- What you are asked to do
No pictures, no extra lines: copy exactly from the line with "Kid's Box New" through the end of the entries.

- Extracted material
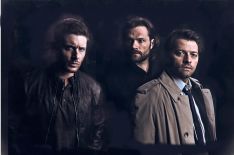 The 'Supernatural' Guys on Reaching 300 Episodes, On-Set Pranks & Other Burning Questions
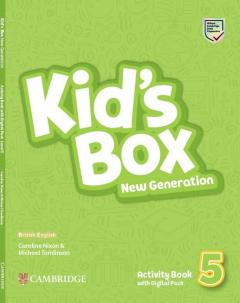 Kid's Box New Generation Level 5. Activity Book with Digital Pack British English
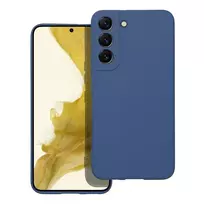 OEM Blue silicone phone case for Samsung Galaxy S22 (S901)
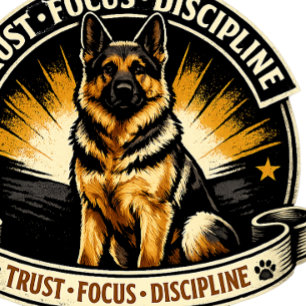Deutscher Schäferhund Vertrauen Fokus Disziplin Mü Truckerkappe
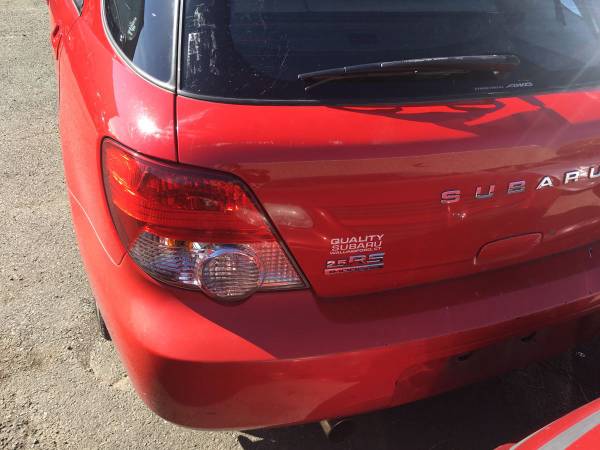2005 Subaru Impreza - cars & trucks - by owner - vehicle automotive... for sale in Windsor, CT – photo 9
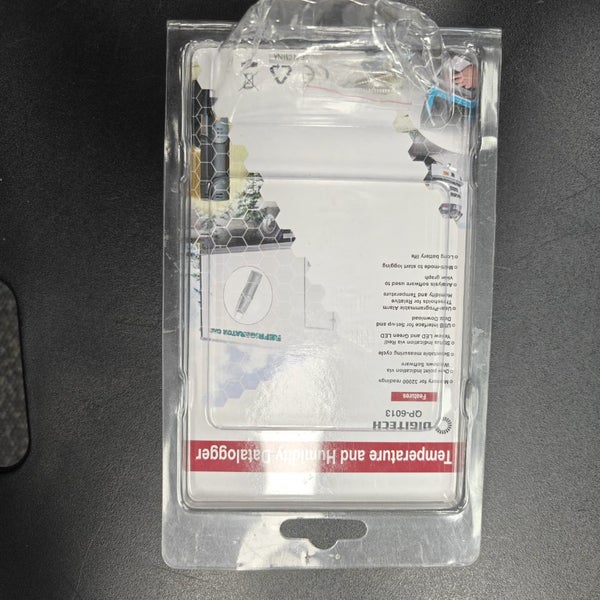 Temperature and humidity datalogger Carousel 2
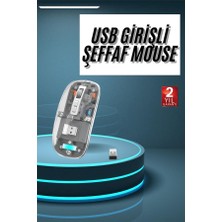 Epilons Kablosuz Mouse Fare Şarjlı Bluetooth Wireless Çift Modlu Sessiz
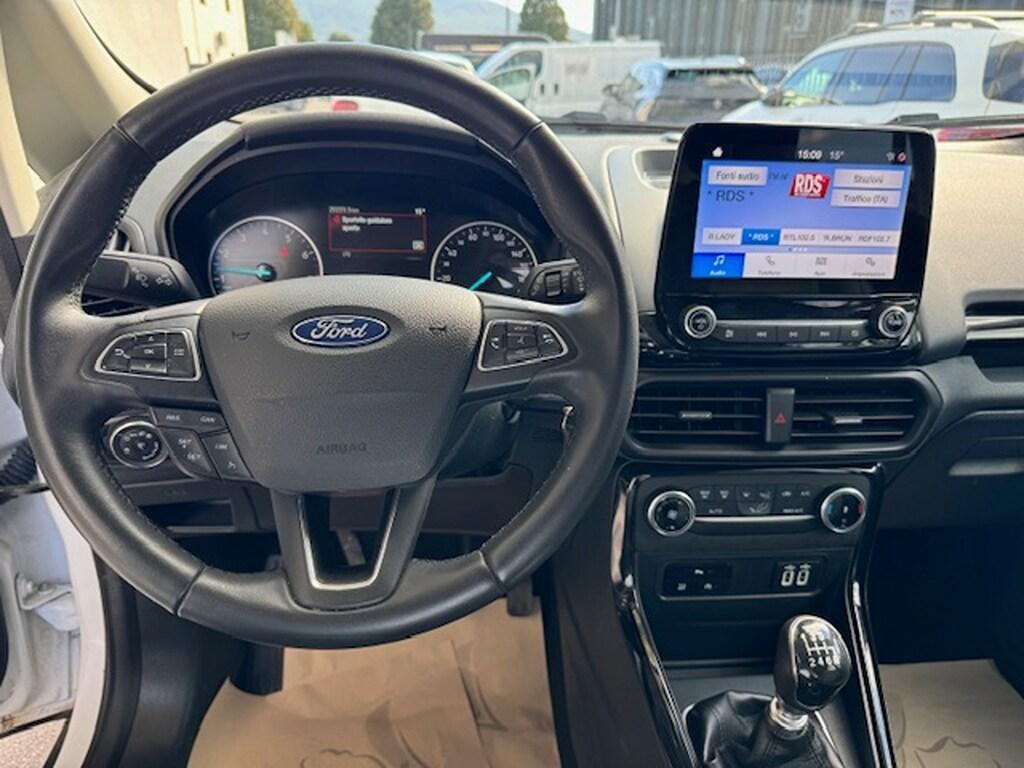 Ford EcoSport 1.0 EcoBoost Titanium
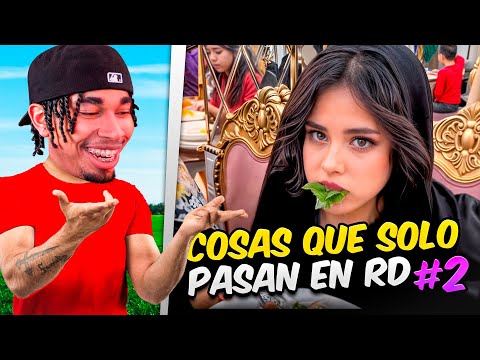 Rdjavi Reacciona a Cosas Que Solo Pasan en RD #2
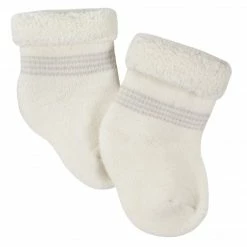 Gerber® 6-Pack Baby Boys Dino Wiggle Proof® Terry Bootie Socks BabyPreemie - 24M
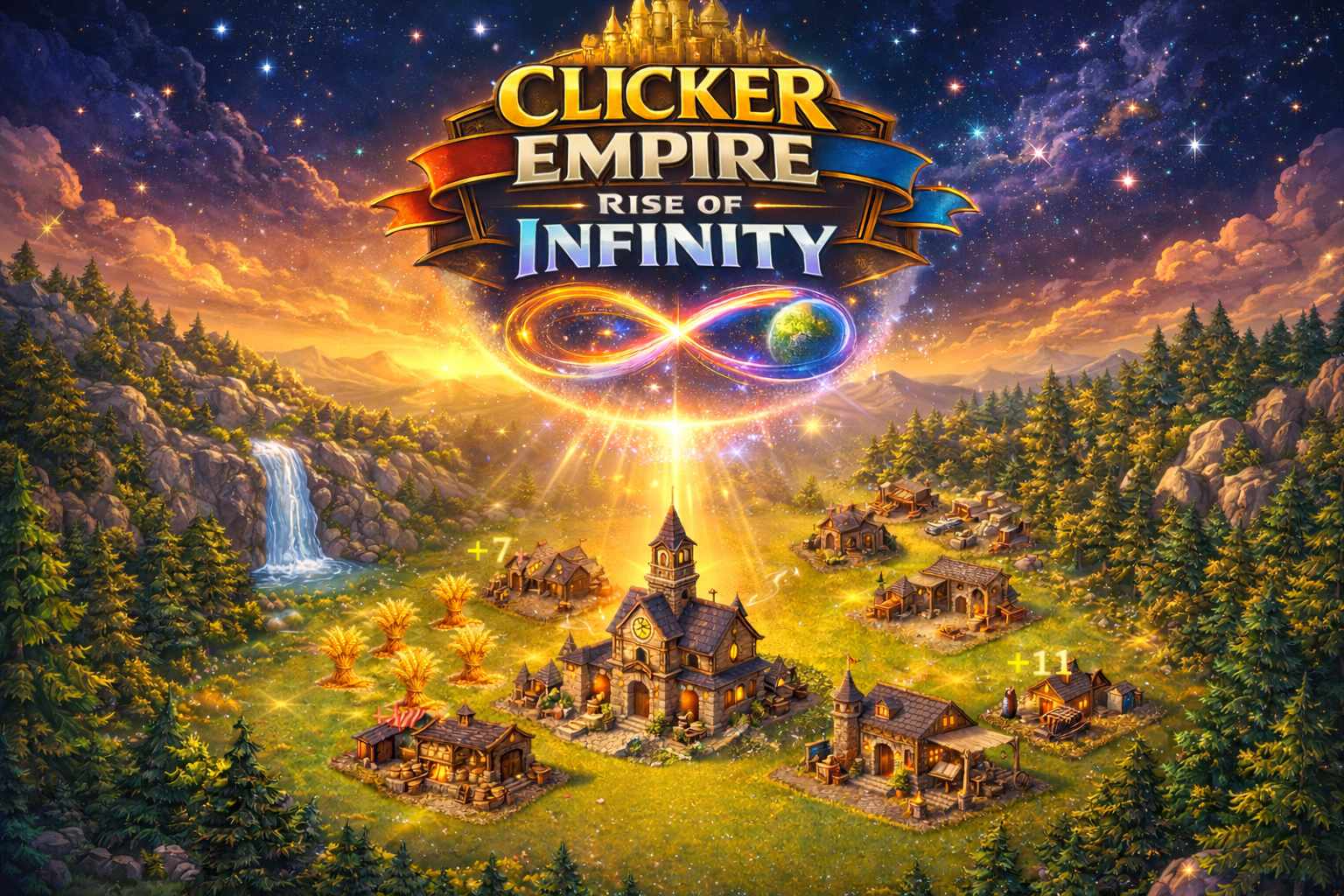 Cover image for Clicker Empire: Rise of Infinity v0.4.7.2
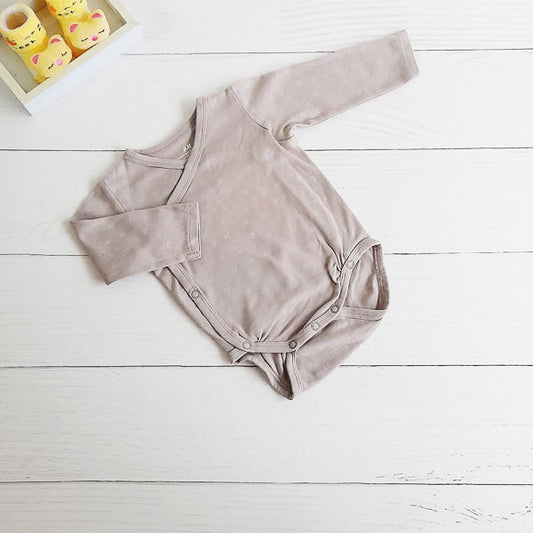 Body Algodón Beige Marca Hym 3 M Estado Tiki taka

- Output for this task
 Kid's Box New Generation Level 5. Activity Book with Digital Pack British English
 OEM Blue silicone phone case for Samsung Galaxy S22 (S901)
Deutscher Schäferhund Vertrauen Fokus Disziplin Mü Truckerkappe
2005 Subaru Impreza - cars & trucks - by owner - vehicle automotive... for sale in Windsor, CT – photo 9
 Temperature and humidity datalogger Carousel 2
 Epilons Kablosuz Mouse Fare Şarjlı Bluetooth Wireless Çift Modlu Sessiz
 Ford EcoSport 1.0 EcoBoost Titanium
 Rdjavi Reacciona a Cosas Que Solo Pasan en RD #2
 Gerber® 6-Pack Baby Boys Dino Wiggle Proof® Terry Bootie Socks BabyPreemie - 24M
 Cover image for Clicker Empire: Rise of Infinity v0.4.7.2
 Body Algodón Beige Marca Hym 3 M Estado Tiki taka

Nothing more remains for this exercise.